Beritainternusa.com ,Tuban – Salah satu warga desa Mlangi dusun Kadutan Kecamatan Widan menuntut keadilan ,atas tindakan kesewenang-wenangan oknum Kepala Desa mlangi berinisial S dan jajaranya beserta Kadus kadutan dan Kepala Desa Kujung .
Kepala Desa yang seharusnya melindungi warganya , justru malah memusuhi warganya dengan cara dan gaya seperti preman , menuduh pagar milik suwarti berada ditanah jalan, tanpa mempunyai data-data yang lengkap.
Kepala Desa sengaja membelokan pembanguan saluran air supaya menabrak pagar suwarti “ Fakta dilapangan “ dibelokan mengambil tanah suwarti, padahal sepanjang jalan tersebut pagar rumah sama sejajar dengan milik Ibu Suwarti.

Kepala Desa dengan berbagai cara , seperti meminta sertipikat, dengan alasan salah NIB , dan berbagai intimidasi dilakukan kepada anakanya yang berinisial S.

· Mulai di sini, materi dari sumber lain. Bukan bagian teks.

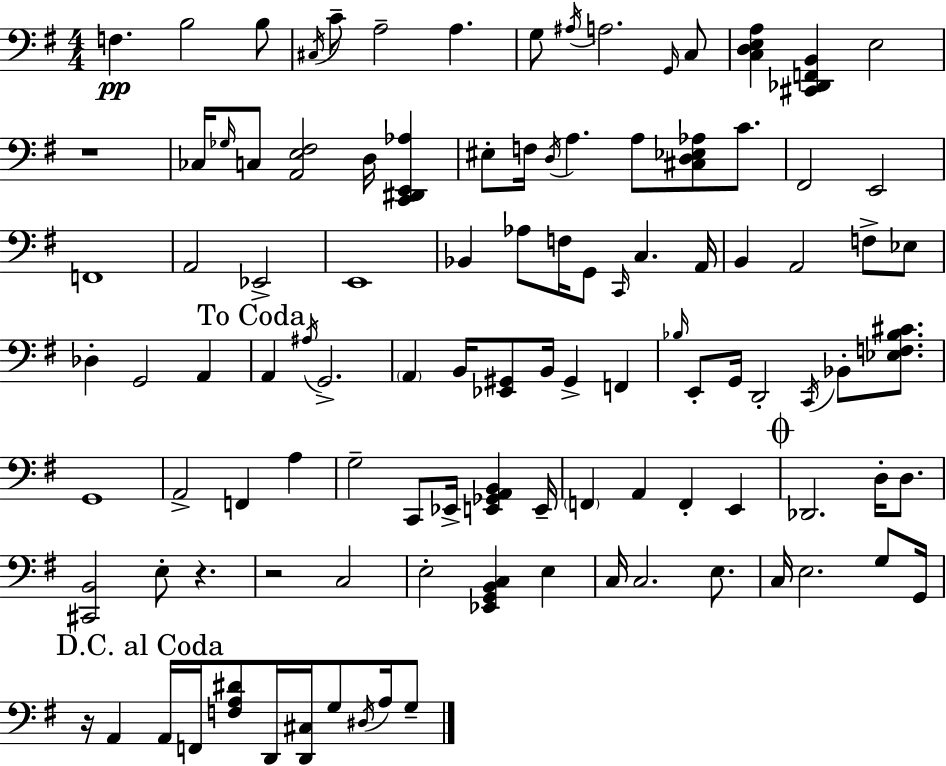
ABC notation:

X:1
T:Untitled
M:4/4
L:1/4
K:G
F, B,2 B,/2 ^C,/4 C/2 A,2 A, G,/2 ^A,/4 A,2 G,,/4 C,/2 [C,D,E,A,] [^C,,_D,,F,,B,,] E,2 z4 _C,/4 _G,/4 C,/2 [A,,E,^F,]2 D,/4 [C,,^D,,E,,_A,] ^E,/2 F,/4 D,/4 A, A,/2 [^C,D,_E,_A,]/2 C/2 ^F,,2 E,,2 F,,4 A,,2 _E,,2 E,,4 _B,, _A,/2 F,/4 G,,/2 C,,/4 C, A,,/4 B,, A,,2 F,/2 _E,/2 _D, G,,2 A,, A,, ^A,/4 G,,2 A,, B,,/4 [_E,,^G,,]/2 B,,/4 ^G,, F,, _B,/4 E,,/2 G,,/4 D,,2 C,,/4 _B,,/2 [_E,F,_B,^C]/2 G,,4 A,,2 F,, A, G,2 C,,/2 _E,,/4 [E,,_G,,A,,B,,] E,,/4 F,, A,, F,, E,, _D,,2 D,/4 D,/2 [^C,,B,,]2 E,/2 z z2 C,2 E,2 [_E,,G,,B,,C,] E, C,/4 C,2 E,/2 C,/4 E,2 G,/2 G,,/4 z/4 A,, A,,/4 F,,/4 [F,A,^D]/2 D,,/4 [D,,^C,]/4 G,/2 ^D,/4 A,/4 G,/2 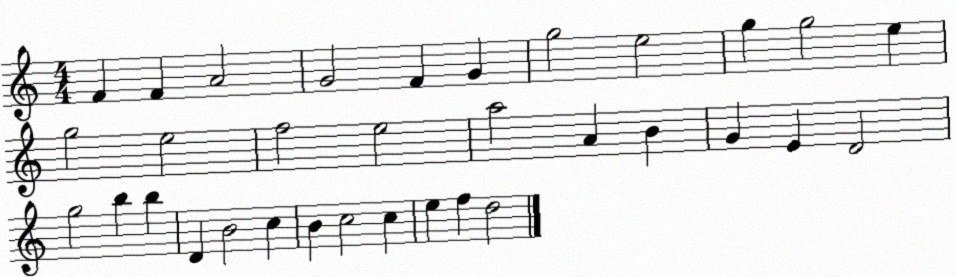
X:1
T:Untitled
M:4/4
L:1/4
K:C
F F A2 G2 F G g2 e2 g g2 e g2 e2 f2 e2 a2 A B G E D2 g2 b b D B2 c B c2 c e f d2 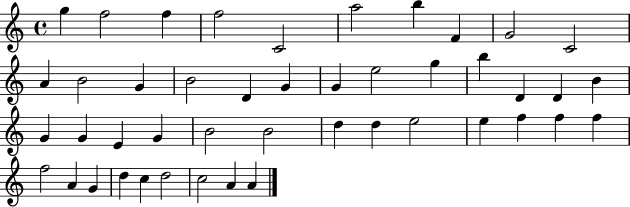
{
  \clef treble
  \time 4/4
  \defaultTimeSignature
  \key c \major
  g''4 f''2 f''4 | f''2 c'2 | a''2 b''4 f'4 | g'2 c'2 | \break a'4 b'2 g'4 | b'2 d'4 g'4 | g'4 e''2 g''4 | b''4 d'4 d'4 b'4 | \break g'4 g'4 e'4 g'4 | b'2 b'2 | d''4 d''4 e''2 | e''4 f''4 f''4 f''4 | \break f''2 a'4 g'4 | d''4 c''4 d''2 | c''2 a'4 a'4 | \bar "|."
} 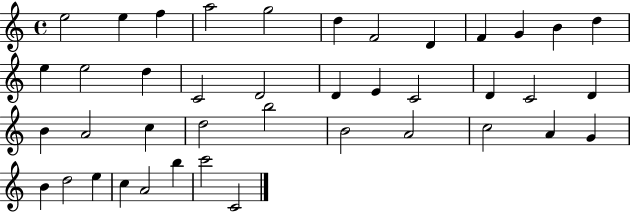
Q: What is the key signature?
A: C major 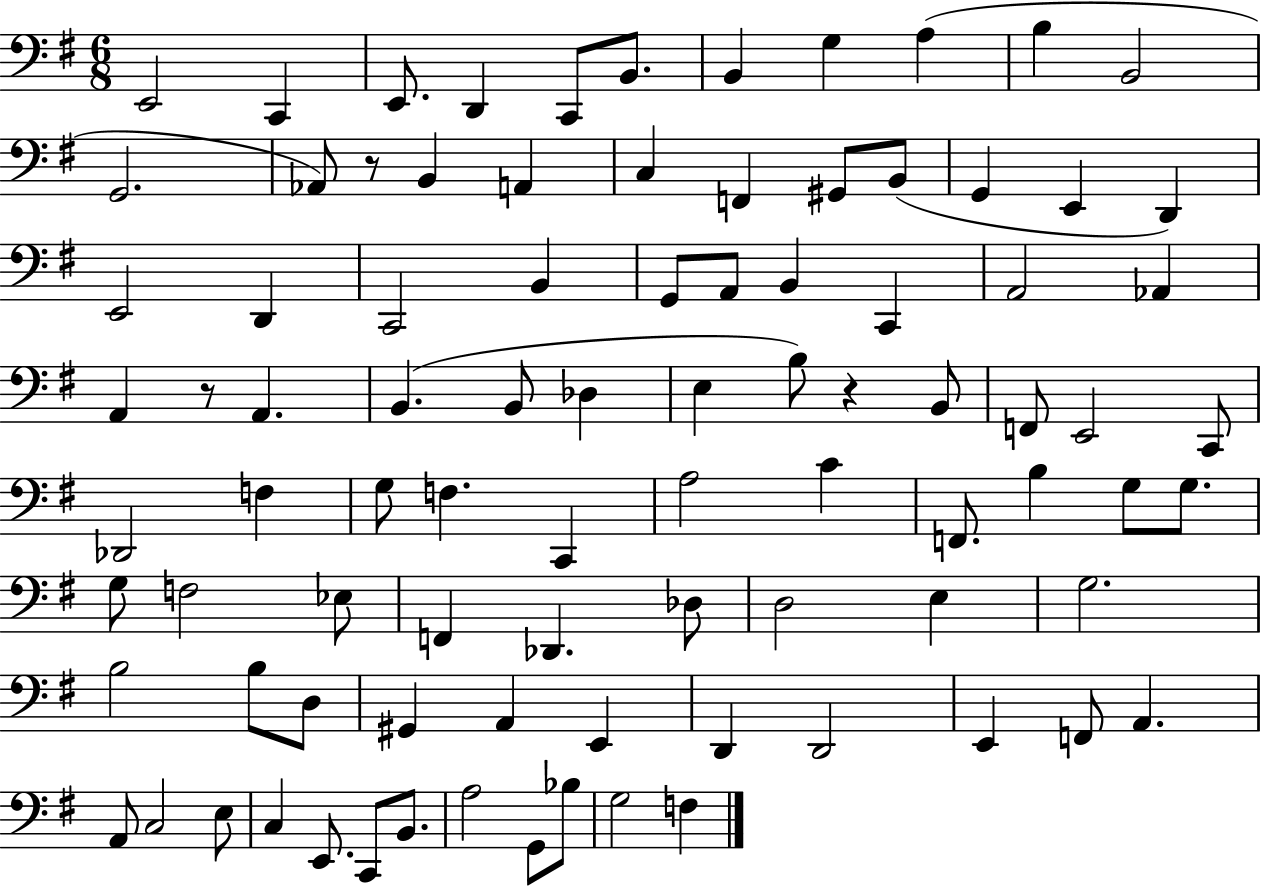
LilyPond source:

{
  \clef bass
  \numericTimeSignature
  \time 6/8
  \key g \major
  \repeat volta 2 { e,2 c,4 | e,8. d,4 c,8 b,8. | b,4 g4 a4( | b4 b,2 | \break g,2. | aes,8) r8 b,4 a,4 | c4 f,4 gis,8 b,8( | g,4 e,4 d,4) | \break e,2 d,4 | c,2 b,4 | g,8 a,8 b,4 c,4 | a,2 aes,4 | \break a,4 r8 a,4. | b,4.( b,8 des4 | e4 b8) r4 b,8 | f,8 e,2 c,8 | \break des,2 f4 | g8 f4. c,4 | a2 c'4 | f,8. b4 g8 g8. | \break g8 f2 ees8 | f,4 des,4. des8 | d2 e4 | g2. | \break b2 b8 d8 | gis,4 a,4 e,4 | d,4 d,2 | e,4 f,8 a,4. | \break a,8 c2 e8 | c4 e,8. c,8 b,8. | a2 g,8 bes8 | g2 f4 | \break } \bar "|."
} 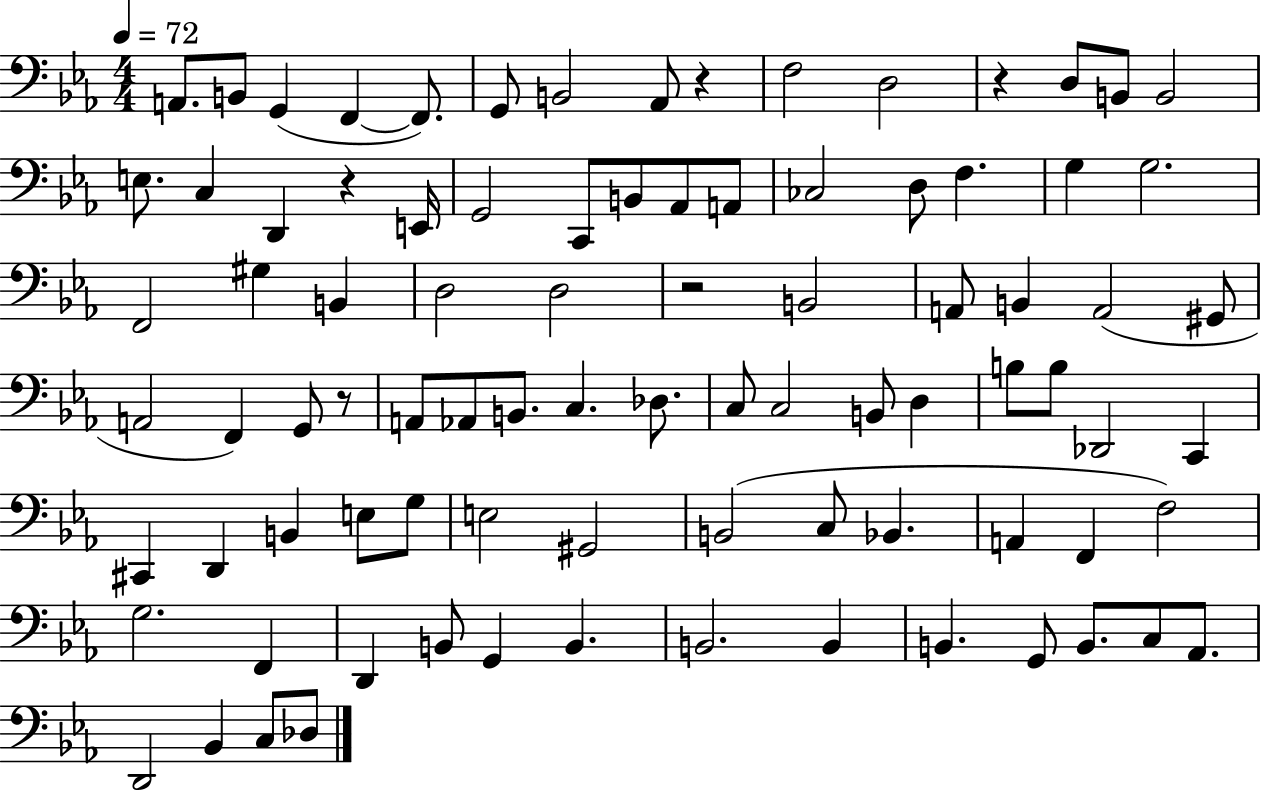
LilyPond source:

{
  \clef bass
  \numericTimeSignature
  \time 4/4
  \key ees \major
  \tempo 4 = 72
  a,8. b,8 g,4( f,4~~ f,8.) | g,8 b,2 aes,8 r4 | f2 d2 | r4 d8 b,8 b,2 | \break e8. c4 d,4 r4 e,16 | g,2 c,8 b,8 aes,8 a,8 | ces2 d8 f4. | g4 g2. | \break f,2 gis4 b,4 | d2 d2 | r2 b,2 | a,8 b,4 a,2( gis,8 | \break a,2 f,4) g,8 r8 | a,8 aes,8 b,8. c4. des8. | c8 c2 b,8 d4 | b8 b8 des,2 c,4 | \break cis,4 d,4 b,4 e8 g8 | e2 gis,2 | b,2( c8 bes,4. | a,4 f,4 f2) | \break g2. f,4 | d,4 b,8 g,4 b,4. | b,2. b,4 | b,4. g,8 b,8. c8 aes,8. | \break d,2 bes,4 c8 des8 | \bar "|."
} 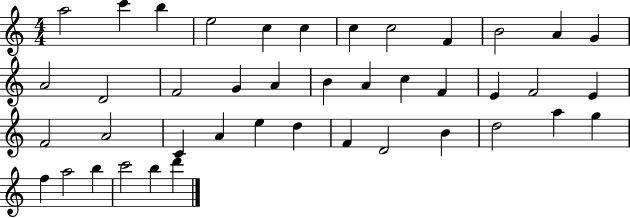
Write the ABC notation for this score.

X:1
T:Untitled
M:4/4
L:1/4
K:C
a2 c' b e2 c c c c2 F B2 A G A2 D2 F2 G A B A c F E F2 E F2 A2 C A e d F D2 B d2 a g f a2 b c'2 b d' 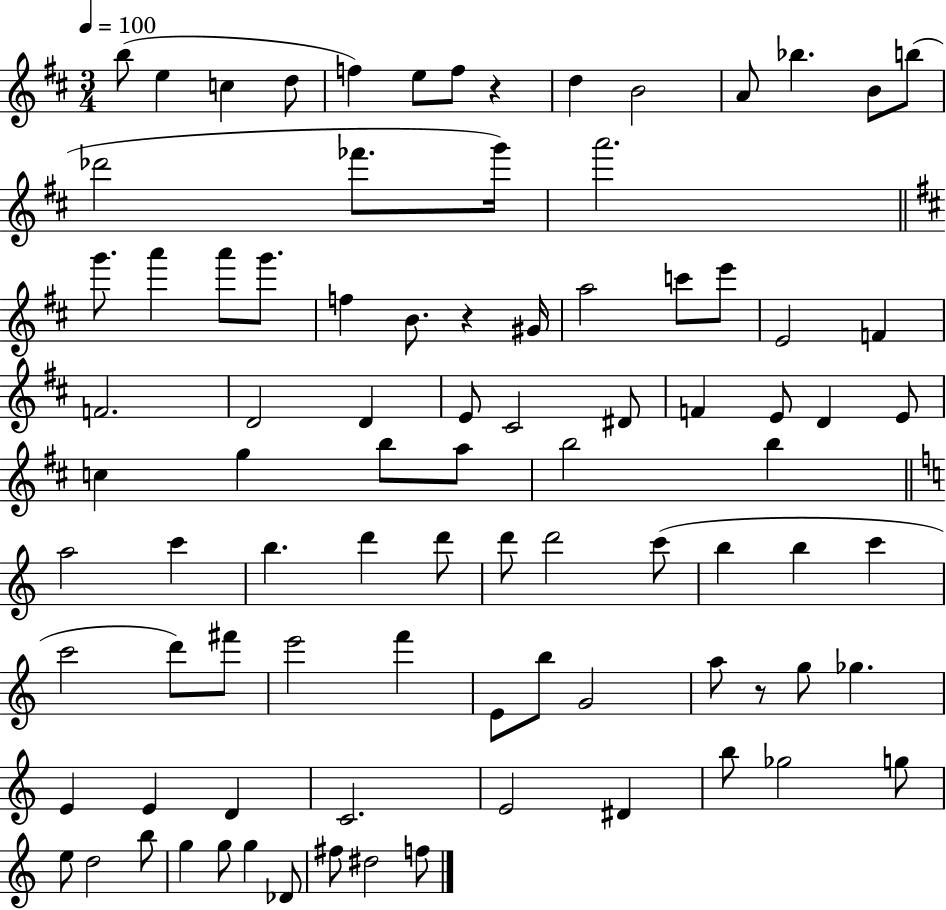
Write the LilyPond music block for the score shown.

{
  \clef treble
  \numericTimeSignature
  \time 3/4
  \key d \major
  \tempo 4 = 100
  b''8( e''4 c''4 d''8 | f''4) e''8 f''8 r4 | d''4 b'2 | a'8 bes''4. b'8 b''8( | \break des'''2 fes'''8. g'''16) | a'''2. | \bar "||" \break \key d \major g'''8. a'''4 a'''8 g'''8. | f''4 b'8. r4 gis'16 | a''2 c'''8 e'''8 | e'2 f'4 | \break f'2. | d'2 d'4 | e'8 cis'2 dis'8 | f'4 e'8 d'4 e'8 | \break c''4 g''4 b''8 a''8 | b''2 b''4 | \bar "||" \break \key c \major a''2 c'''4 | b''4. d'''4 d'''8 | d'''8 d'''2 c'''8( | b''4 b''4 c'''4 | \break c'''2 d'''8) fis'''8 | e'''2 f'''4 | e'8 b''8 g'2 | a''8 r8 g''8 ges''4. | \break e'4 e'4 d'4 | c'2. | e'2 dis'4 | b''8 ges''2 g''8 | \break e''8 d''2 b''8 | g''4 g''8 g''4 des'8 | fis''8 dis''2 f''8 | \bar "|."
} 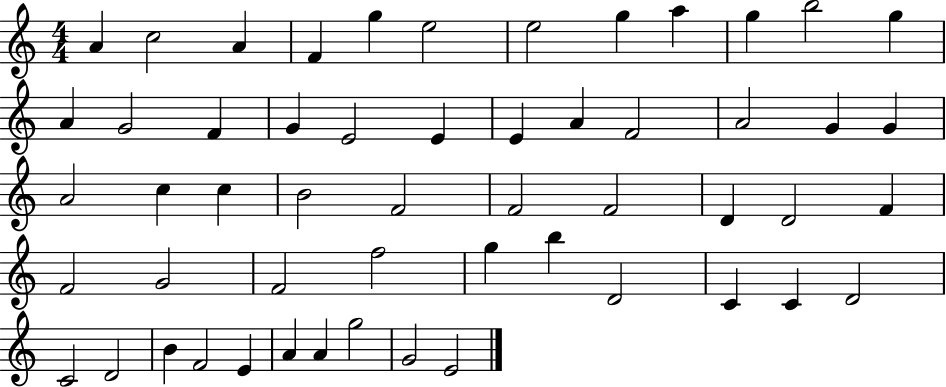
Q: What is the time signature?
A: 4/4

Ibu suwarti sendiri dan suaminya merantau di Papua , ketika terjadi pembongkaran , ibu suwarti di video call sama anknya, dan bu suwarti memohon kepada Kepala Desa Mlangi dan Kepala Desa Kujung beserta Jajaranya agar tidak membongkar pagar tesebut, karena pagar tersebut berada dalam tanah yang sudah bersertipikat., tapi Kepala Desa mlangi menolak dengan kata2 kasar bahkan menantang menyuruh melaporkan ke polis,i saya tidak takut katanya.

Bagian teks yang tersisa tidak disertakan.